What is required: Note on the material below: return exactly the lines from the line that holds "静岡県浜松市浜名区宮口1331-2周辺の地図" through the line that holds "America S Best", and leave out each picture.

Extracted entries:

──────────────────────────────

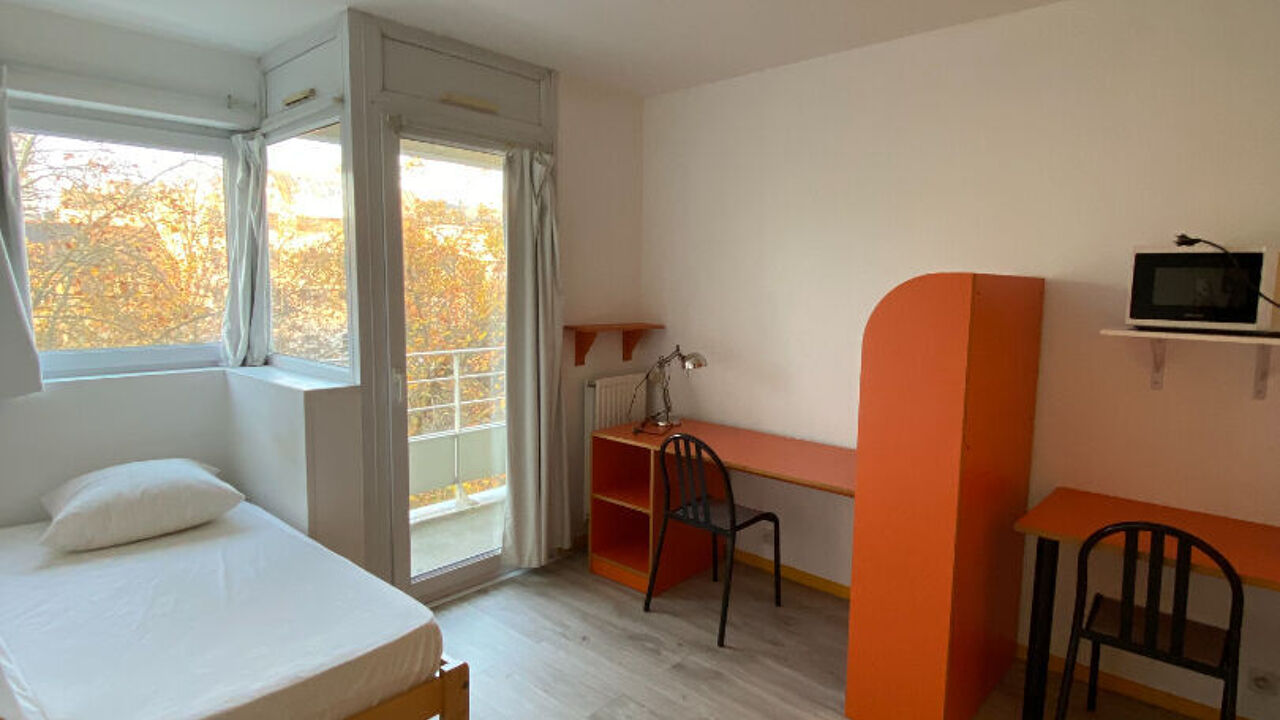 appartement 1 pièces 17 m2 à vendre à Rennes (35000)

──────────────────────────────

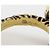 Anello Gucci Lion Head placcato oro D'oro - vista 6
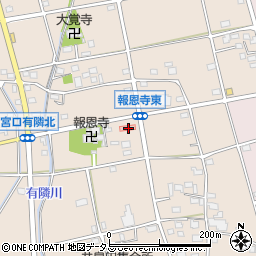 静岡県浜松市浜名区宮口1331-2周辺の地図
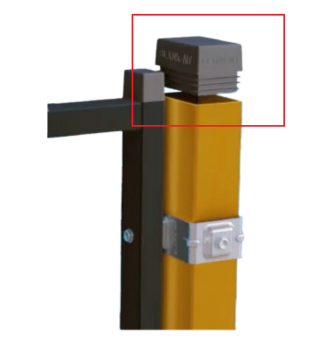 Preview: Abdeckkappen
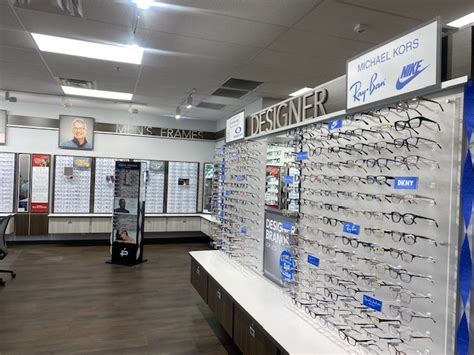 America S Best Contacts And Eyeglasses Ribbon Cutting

──────────────────────────────

Response to the exercise:
 静岡県浜松市浜名区宮口1331-2周辺の地図
 Preview: Abdeckkappen
 America S Best Contacts And Eyeglasses Ribbon Cutting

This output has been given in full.